![title](in.jpg)
# Innoplexus Online Hiring Hackathon: Saving lives with AI

## Problem Statement

Clinical studies often require detailed patients’ information documented in clinical narratives. **Named Entity Recognition (NER) is a fundamental Natural Language Processing (NLP) task to extract entities of interest (e.g., disease names, medication names and lab tests) from clinical narratives, thus to support clinical and translational research.** Clinical notes have been analyzed in greater detail to harness important information for clinical research and other healthcare operations, as they depict rich, detailed medical information.


In this challenge, hackers are invited to extract all disease names from a given set of 20000 paragraphs/documents in the test set provided the labelled entities (diseases) for 30000 documents in the train set.

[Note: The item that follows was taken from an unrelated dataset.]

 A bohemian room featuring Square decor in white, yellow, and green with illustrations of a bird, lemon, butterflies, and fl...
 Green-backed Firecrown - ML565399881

For example, here is a sentence from a clinical report:

*We compared the inter-day reproducibility of post-occlusive **reactive hyperemia** (PORH) assessed by single-point laser Doppler flowmetry (LDF) and laser speckle contrast analysis (LSCI).*


In the sentence given, **reactive hyperemia (in bold)** is the named entity with the type disease/indication.

 

## Data Description
The train file has the following structure:
 
|Variable | Definition|
|---|---|
|id|	Unique ID for a token/word|
|Doc_ID	|Unique ID for a Document/Paragraph|
|Sent_ID|	Unique ID for a Sentence|
|Word	|Exact word/token|
|tag	(Target)| Named Entity Tag  |

The target 'tag' follows the **Inside-outside-beginning (IOB)** tagging format. The IOB format (short for inside, outside, beginning) is a common tagging format for tagging tokens in named-entity recognition.

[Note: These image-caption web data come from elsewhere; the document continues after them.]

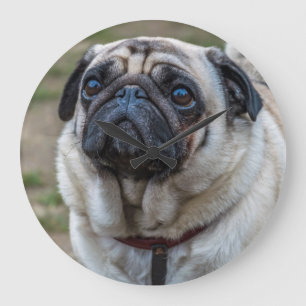 Relógio Grande Pulso de disparo de parede do cão do Pug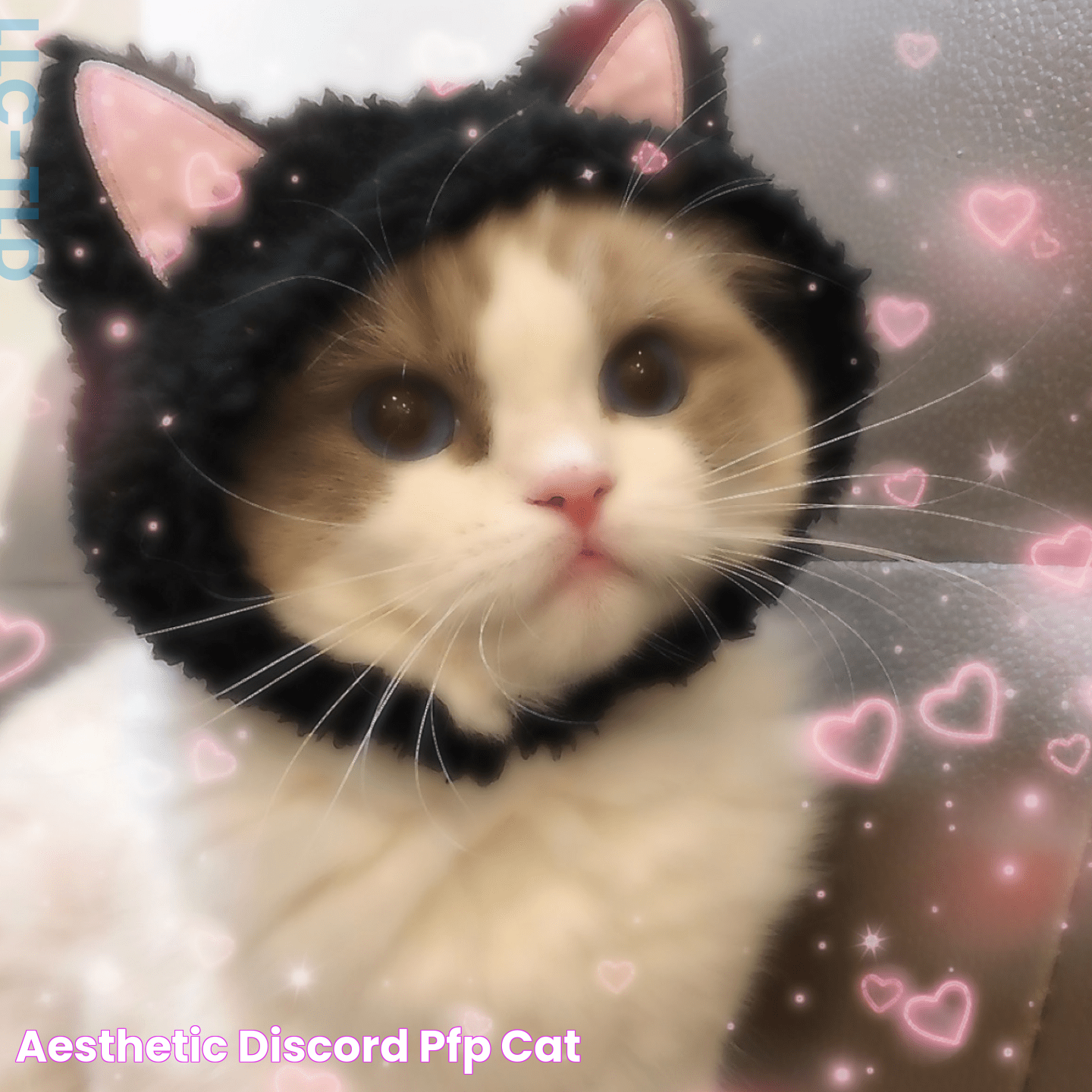 Aesthetic Discord PFP Cat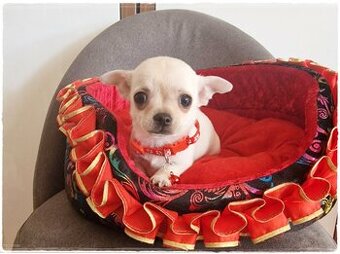 Chihuahua śliczny kremowo biały piesek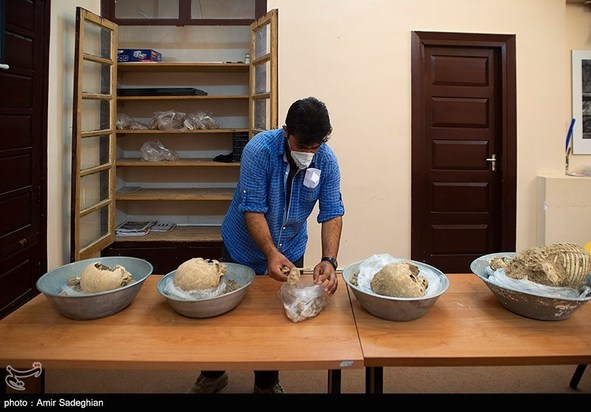 کشف اسکلت انسانی در تخت جمشید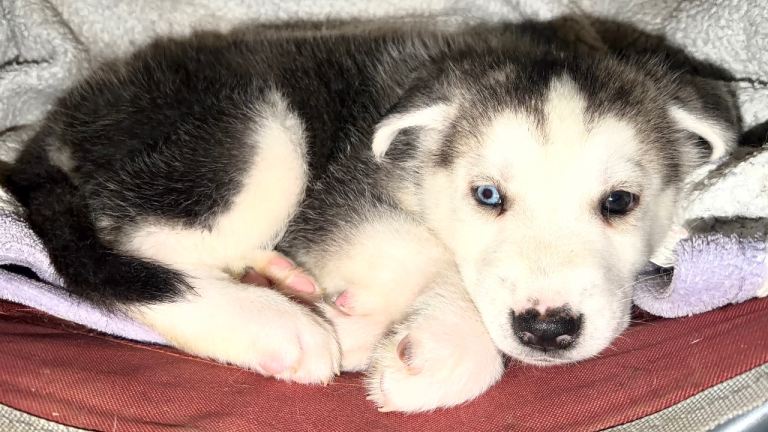 Can go now - Siberian husky 3/4 - German shepherd 1/4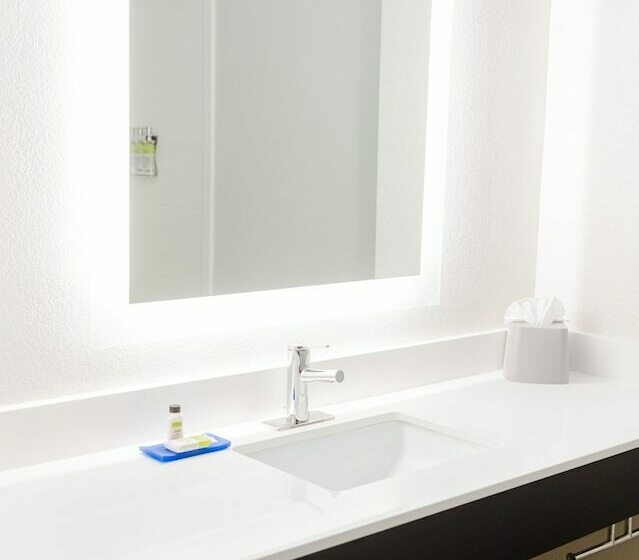 스위트, Holiday Inn Express Hotel & Suites Greenville, An Ihg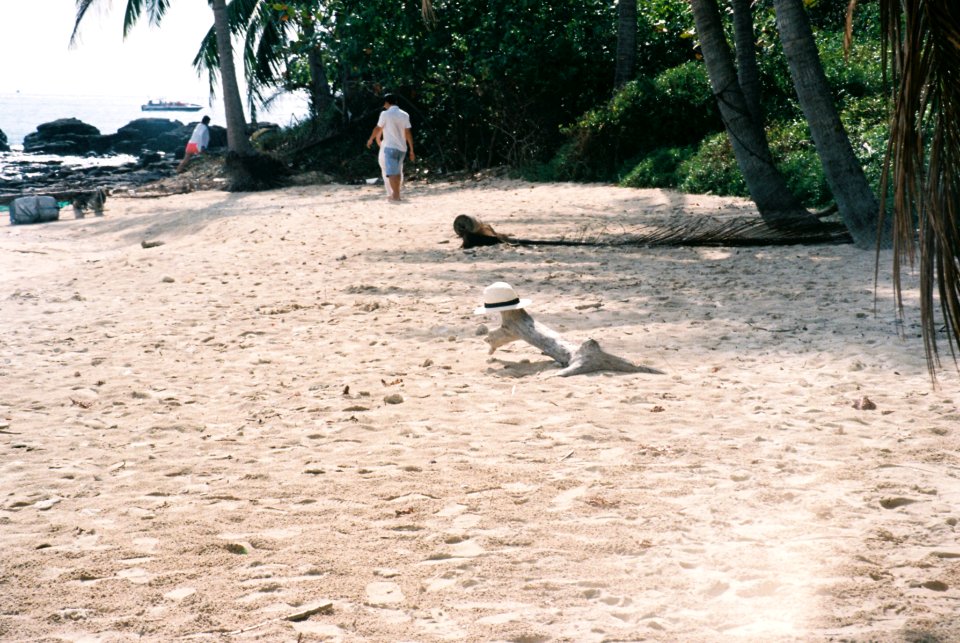 Phu quoc, Vietnam, Hat photo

**The B-indications (beginning) tag indicates that the token is the beginning of a disease entity (disease name in this case)
An I-indications (inside) tag indicates that the token is inside an entity
An O (outside) tag indicates that a token is outside a disease entity**
 
**Example**
For more clarity, let's look at the same sample in the given tabular format, each row here corresponds to a word/token:

The disease **'reactive hyperemia'** is labelled using **'B-indications'** for the word **'reactive'** and **'I-indications'** for the word **'hypermia'**. All the other words that are outside **'reactive hyperemia'** are labelled with **'O'.**


## Evaluation Metric

The evaluation for this contest is based on modified F1-Score as explained below:
Suppose the ground truth has the following entities (mentioned in square brackets) for the given sentence

**[Malaria] and [Yellow Fever] remain more deadly than [Hepatitis B] today**

This has 3 entities.
Supposing the actual prediction has the following

**[Malaria] [and] [Yellow] Fever remain more deadly than Hepatitis B [today]**

We have an exact match for Malaria, false positives for and and today, a false negative for Hepatitis B and a substring match for Yellow. We compute precision and recall by first defining matching criteria. We are also trying to reward partial match here and not just exact entity match.

Here, True positives are of 2 types - Exact match and partial match and we are giving a weight of 1 to Exact Match and 0.5 to partial match. The computations are as follows:

Exact Match = 1 (Malaria) and Partial Match = 1 ( Yellow which overlaps Yellow Fever), False Positives =2 (and, and today), False Negatives = 1 (Hepatitis B)

**Precision** = (Exact Match + 0.5 * Partial Match) / (Exact Match + Partial Match + False Positives) = (1 + 0.5)/(1+1+2) = 0.375

**Recall** = (Exact Match + 0.5 * Partial Match) / (Exact Match + Partial Match + False Negatives) = (1 + 0.5)/(1+1+1) = 0.50

**F1 Score** = (2 * Precision * Recall)/(Precision + Recall) = 0.428


The counts of exact match, partial match, false positives and false negatives is summed across all sentences in the test set and overall F1 Score is the leaderboard score.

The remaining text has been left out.